Thursday saw Fitch become the first rating agency to declare that China Evergrande’s overseas bonds to be in default after the world’s most indebted developer failed to make a crucial interest payment this week.
Evergrande missed meeting the 30-day grace period to pay $US82.50 in interest. The company has been silent on that deadline.
Fitch also confirmed Kaisa, a smaller property company but one of China’s most indebted, had also defaulted on $US400 million of bonds.
Trading in Kaisa shares on the Hong Kong Stock Exchange was suspended on Wednesday on doubts about its solvency.
Evergrande shares fell to a new record low of $HK1.73 on Thursday before the default statement from Fitch and finished the day at a record closing low of $HK1.80.
Evergrande shares have lost 87% of their value since the start of the year.
Kaisa Group Holdings Ltd has $US571 million bond due next week and has already indicated that it may not be able to repay them – collapse awaits.
And now, it seems yet another property giant is in crisis, with developer Sunshine 100 China Holdings Ltd missing payment on $US179 million of debt and interest payments.
The long forecast crisis has come to a head and will dominate well into 2022 as the central government and Communist Party seek to avoid the blame for a situation of their making years ago as they allowed massive debt and a building boom to run unchecked for too long.

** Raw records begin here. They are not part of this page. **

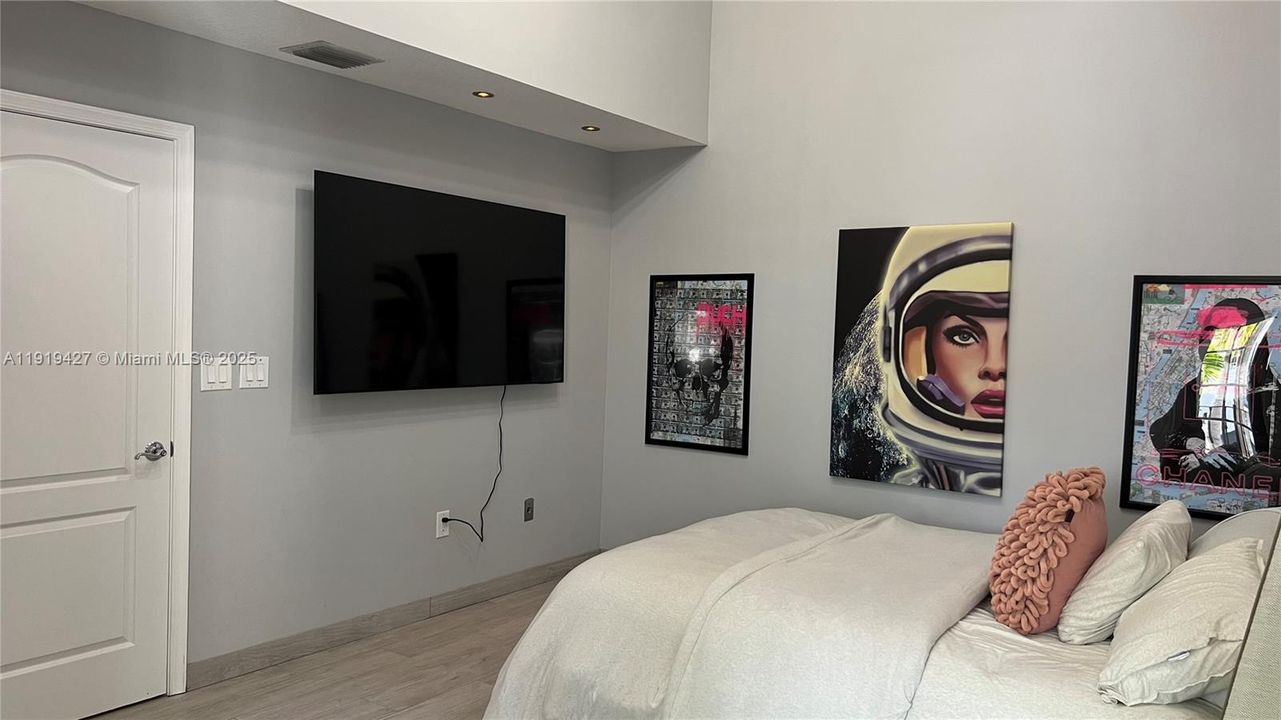 For Sale: $1,750,000 (4 beds, 3 baths, 2392 Square Feet)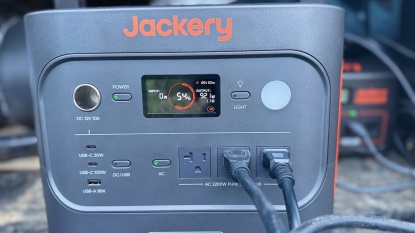 jackery explorer 2000 v2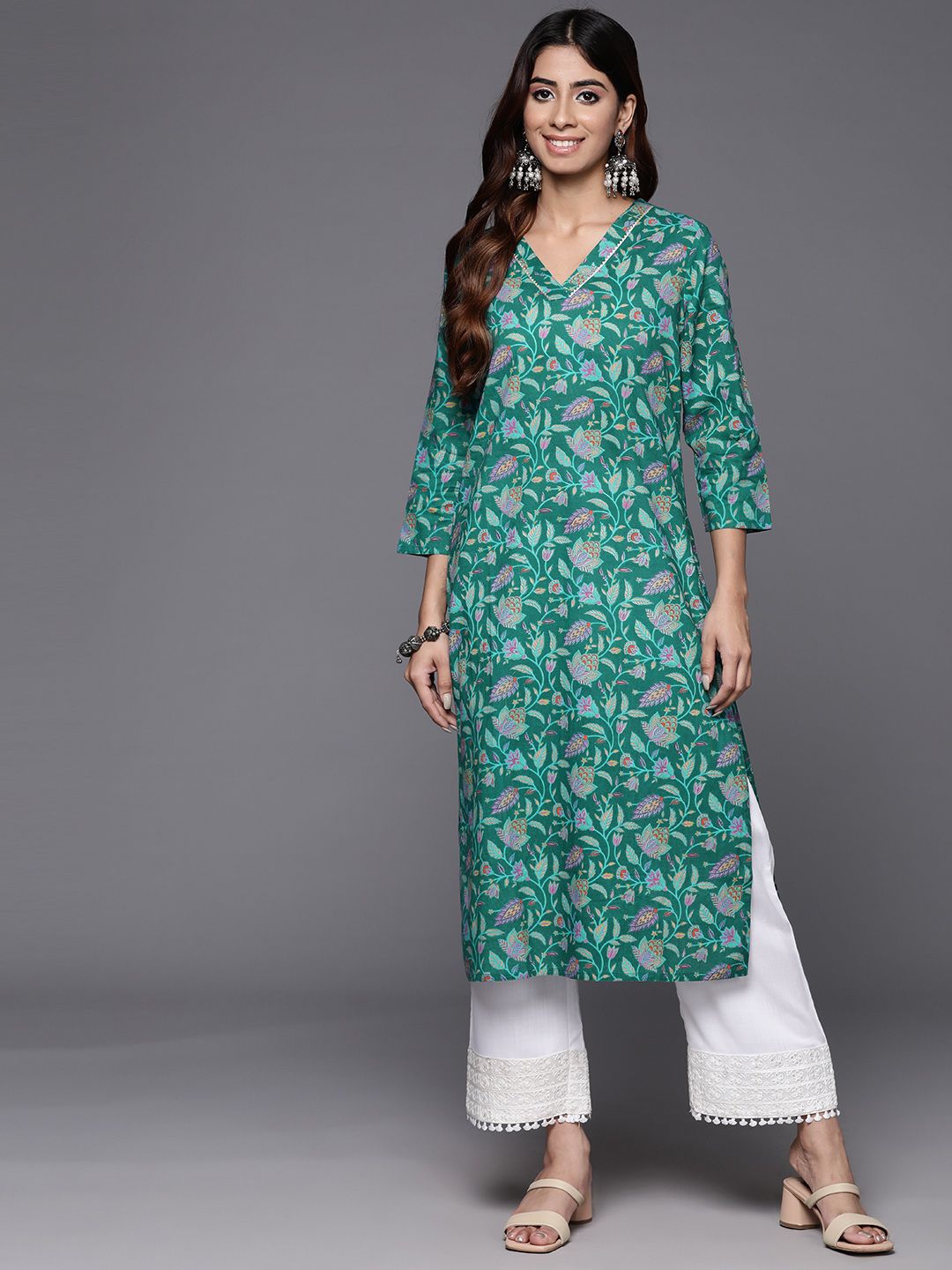 Varanga Floral Printed Gotta Patti Pure Cotton Kurta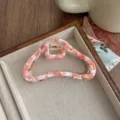 Pinza de pelo de acetato rosa forma de nube irregular pinza de tiburón de metal elegante - Rosa Floral
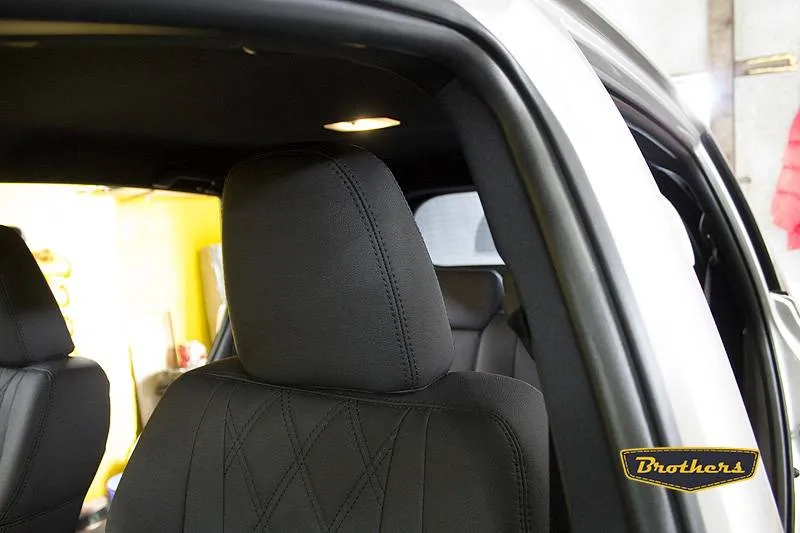 Установка чехлов Toyota RAV IV серии Aurora, строчка ромб, черная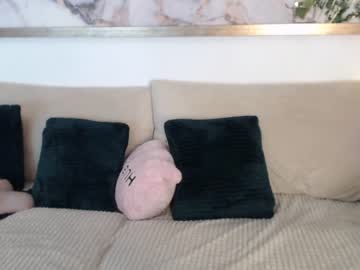webcam girl marrylouanne live cam image #2550404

But these pressures have been slowly surfacing for a while and especially for a week but apart from the lurch down to a 14-month low in the Hang Seng Index on Monday when Evergrande revealed it was effectively in a government overseen debt workout, the Hong Kong and Chinese share markets have been surprisingly calm
Indeed after the shares of property company Kaisa were halted for the second time in two months on Wednesday, the Chinese and Hong Kong markets rose.
Mainland investors are undoubtedly more confident – the key CSI 300 index (covers the top stocks on the Shanghai and Shenzhen markets) is up more than 5% in the past month which has cut the fall for the year to just on 3.6%.
The confidence among mainland investors is not shared in Hong Kong where the Hang Seng Index is down 3% in the past month and more than 11% year to date.
The government is responsible for the crisis when it started tightening controls in mid 2020 on lending and property developer activity and insisted state regulators take a tougher approach to deals, non-property transactions and insider activity.
Being the biggest and most indebted (over $US300 billion) Evergrande was the most watched developer slowly brought to heel by the tougher controls and government oversight (especially in Guangdong where the company is based).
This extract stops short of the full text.